La figure 1, décrit l'algorithme diagnostique séquentiel simple en usage à Genève en cas de suspicion clinique de TVP. Cet algorithme a fait l'objet d'une étude pragmatique publiée récemment.2 Dans cette stratégie, l'étape initiale (dosage des DD) permet d'exclure la TVP d'emblée chez environ un quart des malades ambulatoires cliniquement suspects, pour autant que la prévalence de la maladie dans le collectif soit de l'ordre de 20-35%. L'échographie veineuse par compression permet dans le reste du collectif de confirmer la présence de la TVP, la phlébographie étant réservée aux rares situations où cet examen est négatif en présence d'une forte suspicion clinique, situation qui ne s'est présentée qu'à deux reprises dans le collectif initial de 474 malades suspects de TVP dans l'étude citée précédemment.2
D'autres stratégies diagnostiques de la TVP ont été proposées qui font appel à d'autres tests rapides de dosage des DD, comme le SimpliRED (Agen, QLD, Australie)22 ou le LIA-test (Stago, Asnières, France)23 ou encore à des échographies veineuses répétées.23,24 Dans le premier cas, la sensibilité inférieure du test au latex rapide sur sang total (tableau 3) exige de combiner le résultat à une probabilité clinique faible. Dans le second cas, le rendement du deuxième examen échographique est tellement bas que sa justification économique est loin d'être établie.25
La stratégie genevoise2 semble négliger le problème de la TVP distale, c'est-à-dire strictement limitée aux veines jambières. Or, ces thromboses représentent selon les séries 5 à 10% des thromboses symptomatiques des membres inférieurs.26 Il convient toutefois d'observer que la stratégie diagnostique qui s'arrête à la veine poplitée sans rechercher d'éventuels thrombi plus distaux s'accompagne d'un taux de récidive thrombo-embolique à trois mois de 2,6% seulement (9 patients sur 343 qui n'avaient pas été anticoagulés, dont 2 seulement qui avaient un taux plasmatique de DD inférieur au seuil) dans un collectif ambulatoire cliniquement suspect.2 En outre, dans l'étude multicentrique italienne, parmi les 412 malades qui avaient une TVP dans le collectif des 1705 individus suspects, seules 12 thromboses avaient été diagnostiquées lors de l'échographie répétée à une semaine chez les 1290 avec un premier examen normal jusqu'au niveau poplité.24 Même si ces 12 thromboses sont de vrais-positifs, ce dont il est raisonnablement permis de douter,25 et sont toutes des thromboses distales manquées lors du premier examen qui se seraient étendues dans les veines proximales, ce qui est possible, leur détection ne saurait justifier les 1278 examens répétés en vain.

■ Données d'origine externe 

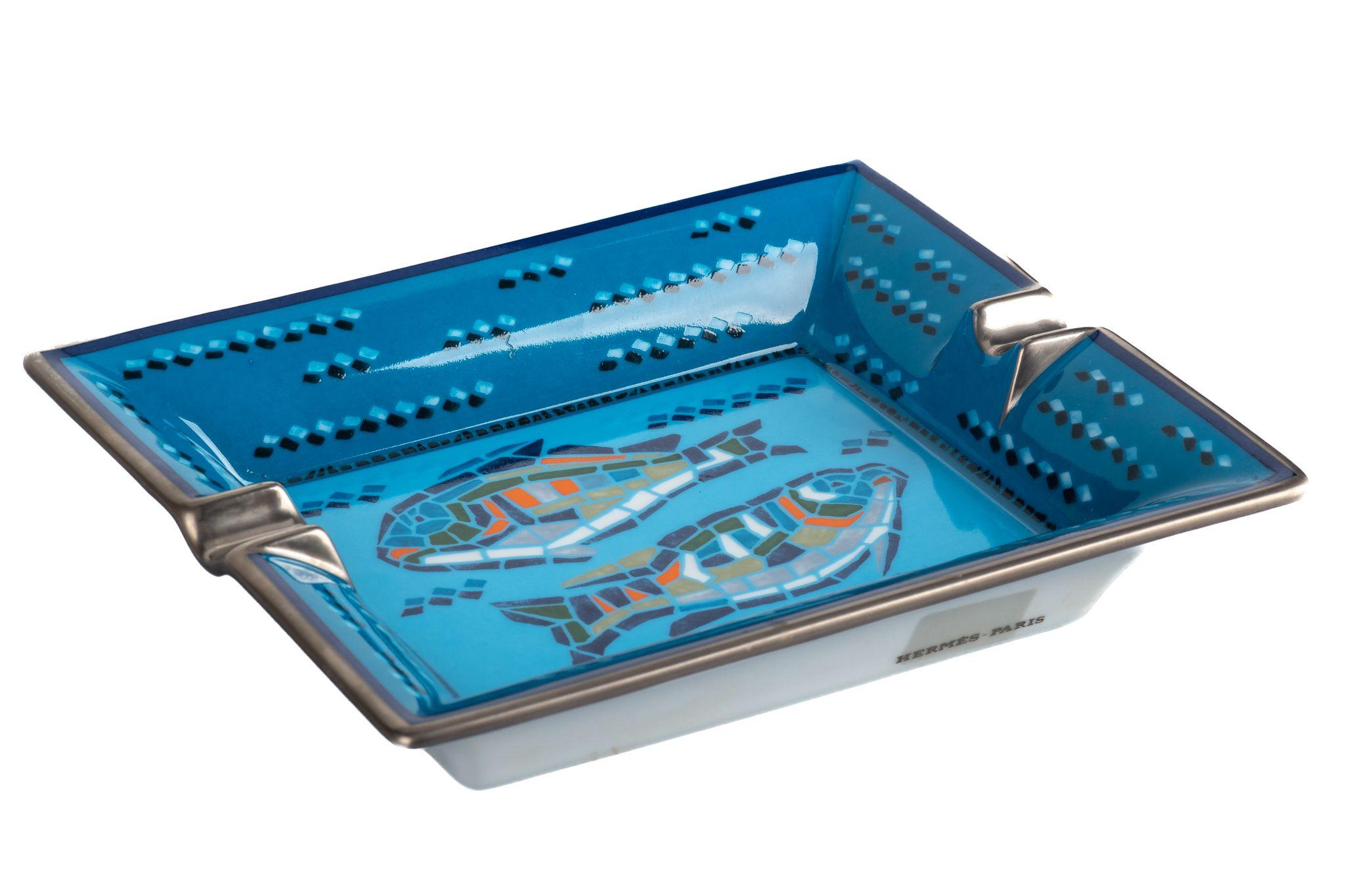 Hermes signature ashtray with fish design in blue and silver. Missing bottom suede. Minor wear on it. Made in France.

En outre, même si on devait additionner ces 12 événements aux 9 qui ont été observés au cours du suivi ultérieur, le risque thrombo-embolique total pendant ce suivi chez les patients non anticoagulés n'aurait été que de 1,6%.27
Les progrès en matière d'imagerie et l'avènement de tests biologiques performants ont bouleversé le diagnostic de la maladie thrombo-embolique veineuse. Les stratégies diagnostiques ont pu être simplifiées et standardisées. Ainsi, dans une étude récente portant sur des malades ambulatoires suspects de TVP ou d'EP, le recours à un examen invasif ne s'est révélé nécessaire que dans moins de 10% des cas (moins de 1% pour la TVP, 5% pour l'EP), avec un risque thrombo-embolique global à 3 mois de 1,8% (intervalle de confiance de 95% : 0,9-3,1%).2 Ces progrès seraient en effet restés lettre morte s'ils ne s'étaient accompagnés d'études cliniques de validation de la méthodologie appropriée.5 Néanmoins, le plus dur reste à faire puisqu'il s'agit de convaincre les institutions hospitalières de mettre en uvre de manière conséquente ces stratégies validées en tenant compte, bien sûr, de leurs spécificités propres.28 Les avantages économiques des approches les plus récentes devraient toutefois favoriser le succès de cette étape ultime.